Re: [RFC] Don't propagate automount

Ian Kent <raven@xxxxxxxxxx> · Wed, 02 Oct 2019 10:14:09 +0800

On Tue, 2019-10-01 at 14:09 -0500, Goldwyn Rodrigues wrote:
> Hi Ian,
> 
> Sorry for the late reply, I had to setup and environment for your
> specific case and it took time.

np.

> 
> On  9:47 28/09, Ian Kent wrote:
> > On Fri, 2019-09-27 at 11:16 -0500, Goldwyn Rodrigues wrote:
> > > On 18:51 27/09, Ian Kent wrote:
> > > > On Fri, 2019-09-27 at 15:41 +0800, Ian Kent wrote:
> > > > > > > I initially thought this was the result of a "fix" in the
> > > > > > > mount
> > > > > > > propagation code but it occurred to me that propagation
> > > > > > > is
> > > > > > > meant
> > > > > > > to occur between mount trees not within them so this
> > > > > > > might be
> > > > > > > a
> > > > > > > bug.
> > > > > > > 
> > > > > > > I probably should have worked out exactly what upstream
> > > > > > > kernel
> > > > > > > this started happening in and then done a bisect and
> > > > > > > tried to
> > > > > > > work out if the change was doing what it was supposed to.
> > > > > > > 
> > > > > > > Anyway, I'll need to do that now for us to discuss this
> > > > > > > sensibly.
> > > > > > > 
> > > > > > > > > Signed-off-by: Goldwyn Rodrigues <rgoldwyn@xxxxxxxx>
> > > > > > > > > 
> > > > > > > > > diff --git a/fs/pnode.c b/fs/pnode.c
> > > > > > > > > index 49f6d7ff2139..b960805d7954 100644
> > > > > > > > > --- a/fs/pnode.c
> > > > > > > > > +++ b/fs/pnode.c
> > > > > > > > > @@ -292,6 +292,9 @@ int propagate_mnt(struct mount
> > > > > > > > > *dest_mnt,
> > > > > > > > > struct
> > > > > > > > > mountpoint *dest_mp,
> > > > > > > > >  	struct mount *m, *n;
> > > > > > > > >  	int ret = 0;
> > > > > > > > >  
> > > > > > > > > +	if (source_mnt->mnt_mountpoint->d_flags &
> > > > > > > > > DCACHE_NEED_AUTOMOUNT)
> > > > > > > > > +		return 0;
> > > > > > > > > +
> > > > > > > > 
> > > > > > > > Possible problem with this is it will probably prevent
> > > > > > > > mount
> > > > > > > > propagation in both directions which will break stuff.
> > > 
> > > No, I am specifically checking when the source has a automount
> > > flag
> > > set.
> > > It will block only one way. I checked it with an example.
> > 
> > I don't understand how this check can selectively block
> > propagation?
> > 
> > If you have say:
> > test    /       :/exports \
> >         /tmp    :/exports/tmp \
> >         /lib    :/exports/lib
> > 
> > and
> > /bind	/etc/auto.exports
> > 
> > in /etc/auto.master
> > 
> > and you use say:
> > 
> > docker run -it --rm -v /bind:/bind:slave fedora-autofs:v1 bash
> > 
> > your saying the above will not propagate those offset trigger
> > mounts
> > to the parent above the /bind/test mount but will propagate them to
> > the container?
> 
> Yes, It works for me. I could not find the fedora-autofs, but used
> fedora image. Check both cases. The first one (vanilla) is my
> modified
> kernel with the patch I mentioned.

Sorry, my bad, fedora-autofs is simply fedora container image setup
to test autofs, the straight fedora image (or any other Linux os
image for that matter) should be fine for this.

> 
> [root@fedora30 ~]# cat /etc/auto.master
> /bind   /etc/auto.exports 
> 
> Note, there is no options. I added -bind in the config you provided.

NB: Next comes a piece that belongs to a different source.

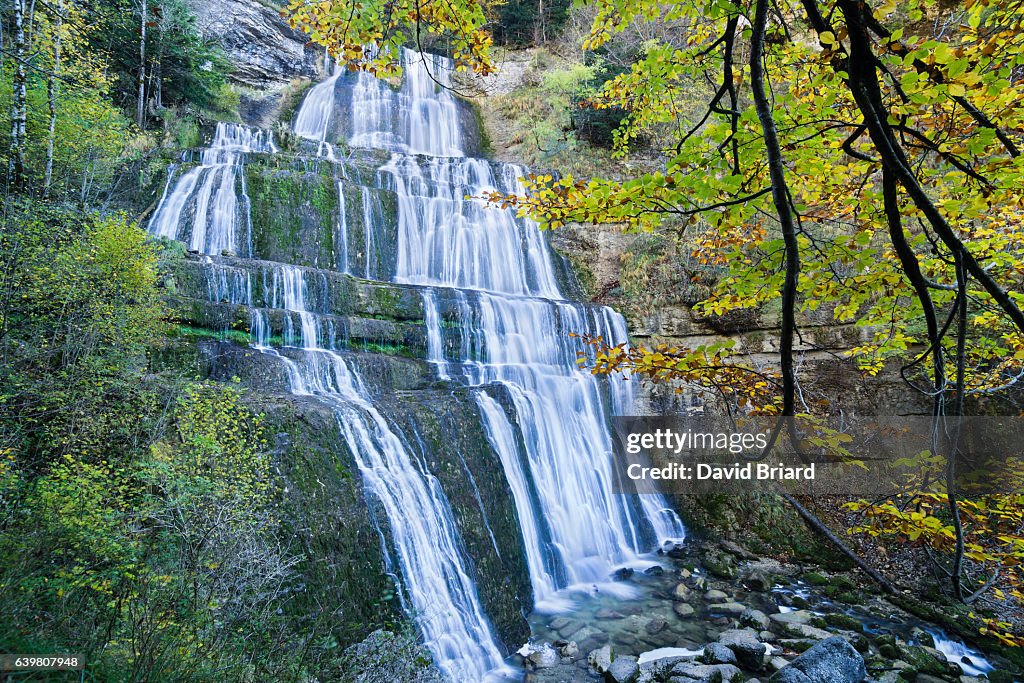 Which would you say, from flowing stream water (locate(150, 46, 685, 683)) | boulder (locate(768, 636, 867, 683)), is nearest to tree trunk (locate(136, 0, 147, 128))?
flowing stream water (locate(150, 46, 685, 683))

Ok, I thought that wouldn't be needed, but the /exports directory
tree would need to exist in the container file system.

> 
> [root@fedora30 ~]# cat /etc/auto.exports 
> test -bind   /       :/exports \
>         /tmp    :/exports/tmp \
>         /lib    :/exports/lib
> 
> [root@fedora30 ~]# uname -a
> Linux fedora30 5.3.1vanilla+ #9 SMP Tue Oct 1 11:11:11 CDT 2019
> x86_64 x86_64 x86_64 GNU/Linux
> [root@fedora30 ~]# docker run -it --rm -v /bind:/bind:slave fedora
> bash
> [root@cf881c09f90a /]# ls /bind
> [root@cf881c09f90a /]# ls /bind/test
> lib  tmp
> [root@cf881c09f90a /]# ls /bind/test/lib
> lib-file

Ok, maybe it's the container root file system being marked
as propagation private that makes this behave differently
or it could be because the container using a different mount
name space.

Still, it's curious that you get mounts from the init mount
name space propagating to the container with that kernel
change.

I don't understand what's going on there, the change looks
like it prevents propagation across the board. Or maybe it
isn't actually mount propagation that causes this to happen
and the change papers over some other bug.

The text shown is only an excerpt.